Our panel data allows us to control for the prior value of the dependent variables in our analyses. 5 In particular, we asked the participants all of the same evaluation questions that we use as dependent variables when they first joined the study and before they had written their letters to their MCs. We also control for the student’s gender, race, whether they identify as an independent, whether their partisanship matches the legislators partisanship, 6 and whether they sent a service or policy letter. 7 Excluding these control variables has no effect on the results.

Finally, because some participants sent letters to more than one MC, we cluster on constituent. 8 This leads to one complication with respect to the spillover analysis below. Respondent attitudes about MCs obviously vary by individual member. However, respondent attitudes about Congress or a political party are about essentially a single institution—rather than multiple members of the institution. Thus, a simple theory of attitudes would suggest that each participant should only have one evaluation of Congress or a political party. Without disputing that fact, we note that in the context of this study those attitudes always come in the context of receiving a specific letter from an individual MC. Moreover, because students took their time responding to the survey, often these evaluations of the institutions occurred a month or more apart. Consequently, we assume that each letter here is a separate treatment applied to each survey respondent. 9

Results

In the post-survey, we asked citizens about their level of satisfaction with the letters they received. We also asked them three questions that directly tapped the constituents’ attitudes toward their MC—a feeling thermometer, approval of the MC’s job performance, and likelihood of voting for the MC against a high-quality opponent. Table 1 examines whether individuals’ responses to these questions varies with how satisfied they were with their response. For the analysis, we created dummy variables for each level of satisfaction with the letter along with a dummy variable for those who did not indicate their level of satisfaction with the letter.

Table 1 Effect of Receiving a Response on Evaluations on One’s Own Member of Congress (MC) by Level of Satisfaction with the Response

Note: Cluster standard errors given in parentheses. Clusters are for the participant receiving the letter. The following control variables were included in the model but are not shown here: student’s gender, race, whether they identify as an independent, whether their partisanship matches the legislators partisanship, and whether they sent a service or policy letter. Those not receiving responses from their MC are the excluded category.

OLS=ordinary least squares.

*, **Significant at 0.05 and 0.01, respectively.

Table 1 shows that the participant’s satisfaction with the response they received strongly predicts their attitudes toward their legislator. Individuals who were strongly satisfied with their legislator’s response were the ones who held the most positive attitudes toward their MC. Similarly, those who were somewhat satisfied with the response that they received were significantly more likely (both statistically and substantively) to have positive attitudes toward their legislator. In contrast, there are no statistically significant differences between those who were unsatisfied with the response they received and those who did not receive a response. 10

Consistent with the results from the CCES (Figure 1), the more satisfied constituents are with the response letter, the more satisfied they are with their legislator. Notably, the coefficient for dissatisfaction with the legislator is neither negative nor statistically significant: even those who were unsatisfied with their letter proved no more disappointed in their legislator than those who did not receive a response.

While individuals’ satisfaction with the letter they receive predicts their attitudes toward their own MC, it does not appear to have a spillover effect.

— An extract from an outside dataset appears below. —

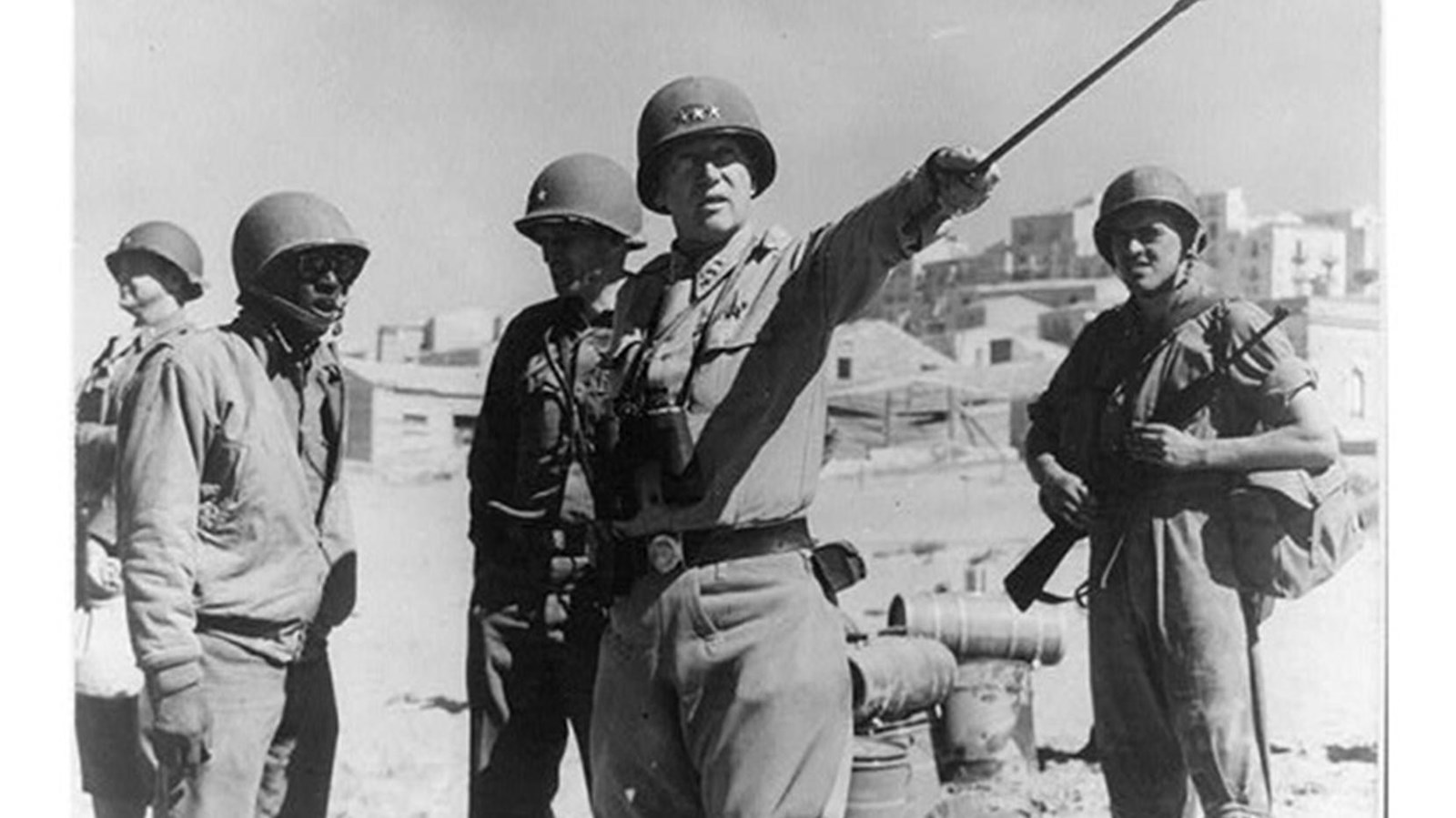 Man in uniform standing with sunglasses on. He is surrounded by other uniformed men.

As Table 2 shows the difference between those who received a response and those who did is statistically and substantively insignificant for each of the spillover questions we asked. Even the most satisfying response does not affect impressions of the political institutions within which MCs work. Legislators earn credit for what they do, but attitudes toward Congress, the parties, and legislators as a group, do not change.

Table 2 Effect of Receiving a Response on Evaluations of Other Individuals and Institutions by Level of Satisfaction with the Response

Note: Cluster standard errors given in parentheses. Clusters are for the participant receiving the letter. The following control variables were included in the model but are not shown here: student’s gender, race, whether they identify as an independent, whether their partisanship matches the legislators partisanship, and whether they sent a service or policy letter. Those not receiving responses from their member of Congress are the excluded category.

OLS=ordinary least squares.

*, **Significant at 0.05 and 0.01, respectively.

A potential concern here is that the test will fail to reject the null when there is a true effect (a type II error). In this case, there is some evidence that a type II error is possible in the specification for congressional approval (column 2 of Table 2). The coefficient for those who were most strongly satisfied with the letter is 4.0 and the SE is 4.7. The power of this test is not as strong as we would like. If we assume that there is a true spillover effect of 5 points on the thermometer scale (this is less than half of the direct effect on the rating for a MC), the power of these tests—the probability of correctly rejecting a null hypothesis—is 0.11 for a null hypothesis. Given this result, it is possible that there is a small effect going undetected for those who felt the highest levels of satisfaction with their representative’s response, but the total set of coefficients strongly suggests no broad spillover effect. 11

In addition, it is important to note that our questions measure respondent attitudes at the moment we would expect the maximum effect: immediately upon receiving and reading the letter. In this sense our data, though administered in the field, mimics a lab experiment. It is possible, even likely, that the positive effects for individual legislators decay over time. But there can be little decay from no effect, meaning that despite the observational results, there is little evidence of a spillover effect for parties and institutions.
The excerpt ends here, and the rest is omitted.